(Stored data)
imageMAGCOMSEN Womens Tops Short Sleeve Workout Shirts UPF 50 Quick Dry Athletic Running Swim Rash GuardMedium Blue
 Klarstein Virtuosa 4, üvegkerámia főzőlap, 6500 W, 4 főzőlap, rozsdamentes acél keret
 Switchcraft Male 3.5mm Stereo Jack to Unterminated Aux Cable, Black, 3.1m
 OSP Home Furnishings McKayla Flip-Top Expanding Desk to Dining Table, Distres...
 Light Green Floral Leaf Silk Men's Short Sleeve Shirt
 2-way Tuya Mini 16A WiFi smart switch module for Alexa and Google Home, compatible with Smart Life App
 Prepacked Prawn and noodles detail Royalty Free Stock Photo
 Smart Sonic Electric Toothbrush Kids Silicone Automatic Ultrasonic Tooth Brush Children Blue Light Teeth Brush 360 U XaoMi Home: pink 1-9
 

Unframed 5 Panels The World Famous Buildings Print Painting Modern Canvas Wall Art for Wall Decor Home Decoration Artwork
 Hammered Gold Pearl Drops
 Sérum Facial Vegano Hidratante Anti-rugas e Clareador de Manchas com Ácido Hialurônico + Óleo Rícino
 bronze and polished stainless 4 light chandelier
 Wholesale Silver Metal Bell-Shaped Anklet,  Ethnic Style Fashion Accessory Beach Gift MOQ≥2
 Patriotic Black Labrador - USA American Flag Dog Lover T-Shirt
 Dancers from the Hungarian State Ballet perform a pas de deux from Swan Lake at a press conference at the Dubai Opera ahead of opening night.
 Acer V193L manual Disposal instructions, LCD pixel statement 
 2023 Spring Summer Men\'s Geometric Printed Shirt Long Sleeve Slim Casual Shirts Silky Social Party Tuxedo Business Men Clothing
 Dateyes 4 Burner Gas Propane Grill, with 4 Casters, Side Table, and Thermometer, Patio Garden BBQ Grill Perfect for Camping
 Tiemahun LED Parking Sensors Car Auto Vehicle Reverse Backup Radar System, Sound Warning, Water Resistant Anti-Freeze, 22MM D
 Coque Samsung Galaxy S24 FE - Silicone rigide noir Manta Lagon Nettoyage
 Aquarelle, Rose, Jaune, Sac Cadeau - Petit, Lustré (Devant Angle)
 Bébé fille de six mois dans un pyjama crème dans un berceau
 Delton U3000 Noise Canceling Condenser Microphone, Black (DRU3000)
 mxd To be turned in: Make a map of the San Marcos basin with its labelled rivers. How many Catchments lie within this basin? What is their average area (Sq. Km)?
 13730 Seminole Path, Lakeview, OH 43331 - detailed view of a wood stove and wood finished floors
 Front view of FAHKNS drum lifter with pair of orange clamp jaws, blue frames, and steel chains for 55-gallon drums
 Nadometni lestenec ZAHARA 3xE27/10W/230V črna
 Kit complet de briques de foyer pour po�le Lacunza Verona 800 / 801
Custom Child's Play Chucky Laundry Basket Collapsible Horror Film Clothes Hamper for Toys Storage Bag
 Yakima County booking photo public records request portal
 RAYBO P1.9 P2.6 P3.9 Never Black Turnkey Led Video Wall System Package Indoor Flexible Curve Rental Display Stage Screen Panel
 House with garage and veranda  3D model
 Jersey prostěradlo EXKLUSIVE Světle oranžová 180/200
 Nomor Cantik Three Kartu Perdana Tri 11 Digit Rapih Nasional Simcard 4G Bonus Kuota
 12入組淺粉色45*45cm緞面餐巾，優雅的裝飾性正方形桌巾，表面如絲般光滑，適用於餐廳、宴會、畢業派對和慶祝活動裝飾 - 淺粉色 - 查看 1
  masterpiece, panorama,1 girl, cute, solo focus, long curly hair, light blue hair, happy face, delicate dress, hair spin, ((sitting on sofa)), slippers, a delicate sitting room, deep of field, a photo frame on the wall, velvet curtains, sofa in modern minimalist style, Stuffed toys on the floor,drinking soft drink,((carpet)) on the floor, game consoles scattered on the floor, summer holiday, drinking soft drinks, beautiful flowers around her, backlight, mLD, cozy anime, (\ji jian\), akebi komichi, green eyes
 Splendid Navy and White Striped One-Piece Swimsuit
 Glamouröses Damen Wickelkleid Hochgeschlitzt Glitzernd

## EXERCISE AIM
All of the data above needs to be written out exactly.

## ANSWER TO THIS EXERCISE
imageMAGCOMSEN Womens Tops Short Sleeve Workout Shirts UPF 50 Quick Dry Athletic Running Swim Rash GuardMedium Blue
 Klarstein Virtuosa 4, üvegkerámia főzőlap, 6500 W, 4 főzőlap, rozsdamentes acél keret
 Switchcraft Male 3.5mm Stereo Jack to Unterminated Aux Cable, Black, 3.1m
 OSP Home Furnishings McKayla Flip-Top Expanding Desk to Dining Table, Distres...
 Light Green Floral Leaf Silk Men's Short Sleeve Shirt
 2-way Tuya Mini 16A WiFi smart switch module for Alexa and Google Home, compatible with Smart Life App
 Prepacked Prawn and noodles detail Royalty Free Stock Photo
 Smart Sonic Electric Toothbrush Kids Silicone Automatic Ultrasonic Tooth Brush Children Blue Light Teeth Brush 360 U XaoMi Home: pink 1-9
 

Unframed 5 Panels The World Famous Buildings Print Painting Modern Canvas Wall Art for Wall Decor Home Decoration Artwork
 Hammered Gold Pearl Drops
 Sérum Facial Vegano Hidratante Anti-rugas e Clareador de Manchas com Ácido Hialurônico + Óleo Rícino
 bronze and polished stainless 4 light chandelier
 Wholesale Silver Metal Bell-Shaped Anklet,  Ethnic Style Fashion Accessory Beach Gift MOQ≥2
 Patriotic Black Labrador - USA American Flag Dog Lover T-Shirt
 Dancers from the Hungarian State Ballet perform a pas de deux from Swan Lake at a press conference at the Dubai Opera ahead of opening night.
 Acer V193L manual Disposal instructions, LCD pixel statement 
 2023 Spring Summer Men\'s Geometric Printed Shirt Long Sleeve Slim Casual Shirts Silky Social Party Tuxedo Business Men Clothing
 Dateyes 4 Burner Gas Propane Grill, with 4 Casters, Side Table, and Thermometer, Patio Garden BBQ Grill Perfect for Camping
 Tiemahun LED Parking Sensors Car Auto Vehicle Reverse Backup Radar System, Sound Warning, Water Resistant Anti-Freeze, 22MM D
 Coque Samsung Galaxy S24 FE - Silicone rigide noir Manta Lagon Nettoyage
 Aquarelle, Rose, Jaune, Sac Cadeau - Petit, Lustré (Devant Angle)
 Bébé fille de six mois dans un pyjama crème dans un berceau
 Delton U3000 Noise Canceling Condenser Microphone, Black (DRU3000)
 mxd To be turned in: Make a map of the San Marcos basin with its labelled rivers. How many Catchments lie within this basin? What is their average area (Sq. Km)?
 13730 Seminole Path, Lakeview, OH 43331 - detailed view of a wood stove and wood finished floors
 Front view of FAHKNS drum lifter with pair of orange clamp jaws, blue frames, and steel chains for 55-gallon drums
 Nadometni lestenec ZAHARA 3xE27/10W/230V črna
 Kit complet de briques de foyer pour po�le Lacunza Verona 800 / 801
Custom Child's Play Chucky Laundry Basket Collapsible Horror Film Clothes Hamper for Toys Storage Bag
 Yakima County booking photo public records request portal
 RAYBO P1.9 P2.6 P3.9 Never Black Turnkey Led Video Wall System Package Indoor Flexible Curve Rental Display Stage Screen Panel
 House with garage and veranda  3D model
 Jersey prostěradlo EXKLUSIVE Světle oranžová 180/200
 Nomor Cantik Three Kartu Perdana Tri 11 Digit Rapih Nasional Simcard 4G Bonus Kuota
 12入組淺粉色45*45cm緞面餐巾，優雅的裝飾性正方形桌巾，表面如絲般光滑，適用於餐廳、宴會、畢業派對和慶祝活動裝飾 - 淺粉色 - 查看 1
  masterpiece, panorama,1 girl, cute, solo focus, long curly hair, light blue hair, happy face, delicate dress, hair spin, ((sitting on sofa)), slippers, a delicate sitting room, deep of field, a photo frame on the wall, velvet curtains, sofa in modern minimalist style, Stuffed toys on the floor,drinking soft drink,((carpet)) on the floor, game consoles scattered on the floor, summer holiday, drinking soft drinks, beautiful flowers around her, backlight, mLD, cozy anime, (\ji jian\), akebi komichi, green eyes
 Splendid Navy and White Striped One-Piece Swimsuit
 Glamouröses Damen Wickelkleid Hochgeschlitzt Glitzernd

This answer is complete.